Freedom Toaster Media Lounge

The Media Lounge is a resource for journalists and toaster fundi's. It provides resources for reports and stories about the freedom toaster, for anyone who wants to spread the word!


Charles Oertel

Charles Oertel is responsible for the revolutionary Freedom Toaster software that allows the Toaster to burn more than one CDs or DVDs concurrently. Oertel is an independent contractor and enjoys spending time on community-based computer projects when he is not maintaining and improving the Freedom Toaster software.

Where did you grow up?
In Port Elizabeth.

What did you study at university?
I did my BSC Honours in Applied Maths and Theoretical Physics.

What is your professional background?
I worked as a space physicist, then I became an IT Management Consultant with Andersen Consulting for ten years. I was also CIO for inthebag.co.za, an online grocery shopping service and founder of finebushpeople.co.za, A self-employed IT and web consultant and a Linux administrator.

How did you get involved in open source?
When I got retrenched from Inthebag, I lost all of my corporate Windows licensing privileges for my home office. I had just done a counter-hack course where we used linux as a tool to launch hacks on websites, and had seen that it was a usable system - so I converted my home office to linux and never looked back. I started with Redhat Linux (in a book), switched to Mandrake, then Slackware, then SuSe and finally settled on Ubuntu.

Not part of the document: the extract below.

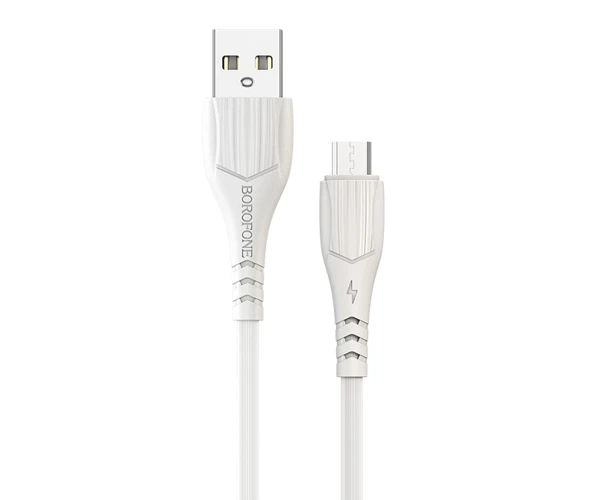 Кабель Data Borofone BX37 Wieldy 2,4A 1 м Білий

Through the Cape Linux Users Group I heard about the tuXlabs project and, being ever willing to pay back into poorer communities, I volunteered to help with the project on Saturdays. There I learnt more technical skills and met the Shuttleworth crowd, and they met me.

What attracted you to the Freedom Toaster project?
The technical challenge, and the principle of making software easily available to those without Internet access.

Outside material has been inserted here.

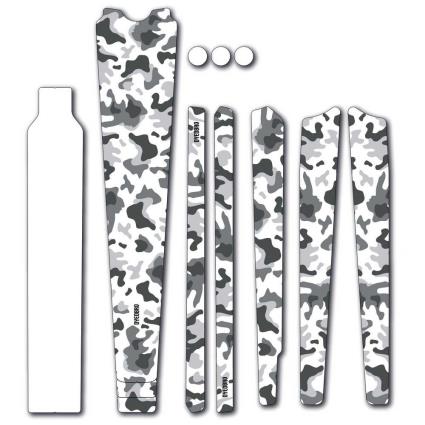 Dyedbro Camo Gravel Frame Guard Stickers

How are you involved in the project?

I am the developer and maintainer of the Freedom Toaster software. The original concept code that I inherited had solved most of the Toaster problem of burning more than one CD at the same time and was written in Perl (which is why I was asked to look at it), but it was not quite stable. I took what had been achieved and built upon it.

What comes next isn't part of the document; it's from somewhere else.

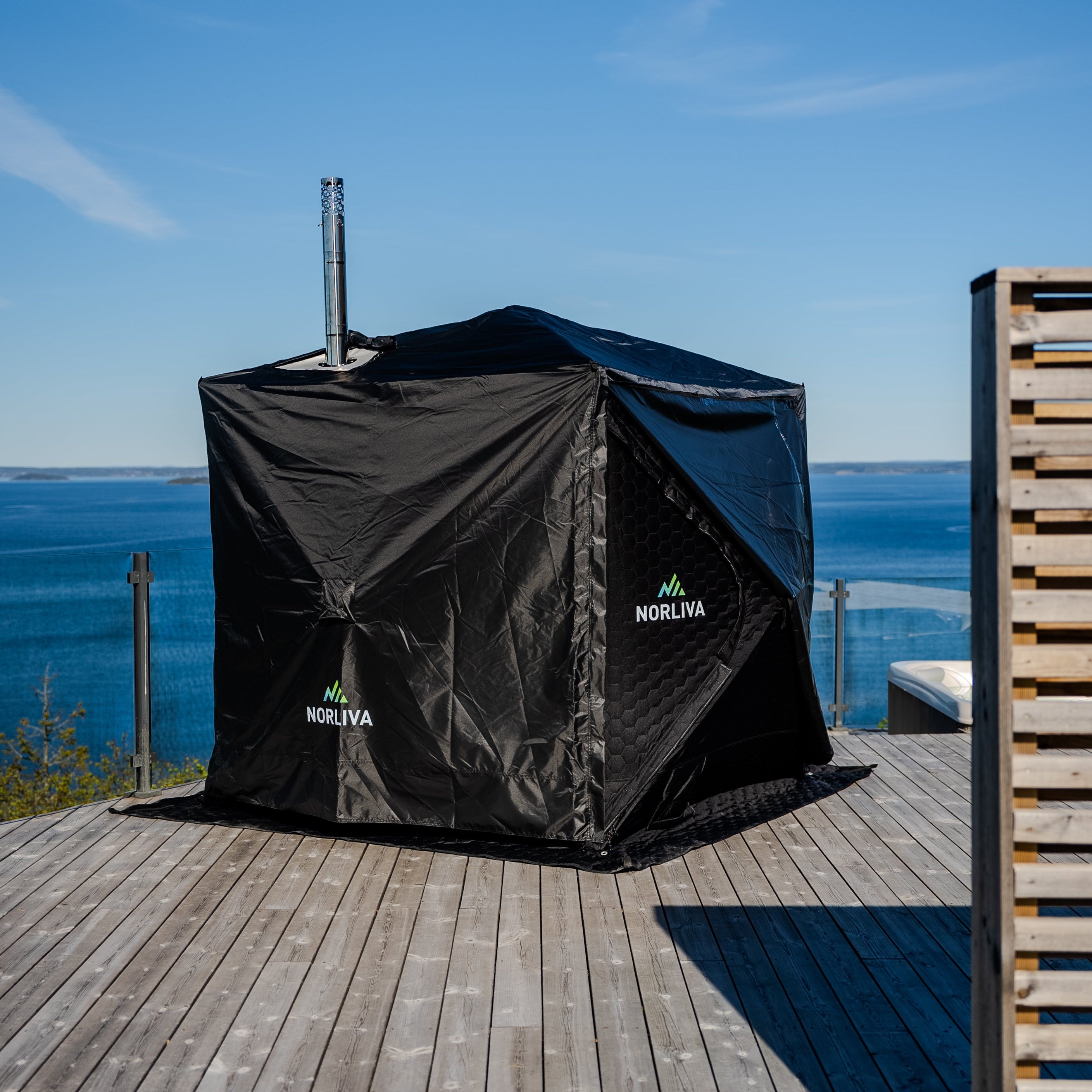 Protection contre les intempéries 1.0 pour tente de sauna Isen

What is your portfolio at the Shuttleworth Foundation?
I am an independent contractor. I run Saturday-morning training courses teaching linux to tuXlabs volunteers, paid for by the Shuttleworth Foundation. I also develop enhancements to the Freedom Toaster for the foundation.

What do you do in your spare time?
When I get some spare time I spend it surfing with my sons, hiking and pottering about with computers.

What motivates you in your work, what do you love about your job?
I love solving difficult problems and building well-designed systems that are a pleasure to use. When that system also helps to bridge the digital divide and uplift others, then I am especially happy. I also love the variety and the continual learning.

Who are your role models?
I'm too old for that. When I think about what Mark Shuttleworth is doing, and the principles he follows, I get a warm feeling - but he isn't my role model because I am on a different path.

Where do you see yourself five years from now?
Living on my piece of mountain fynbos doing open source work remotely and supporting farmers with their IT problems.

What advice do you have for people who want to get involved in projects like yours?
Do what you love. Offer to help. The internet is full of help and advice, and the open source community is open in more ways than just software.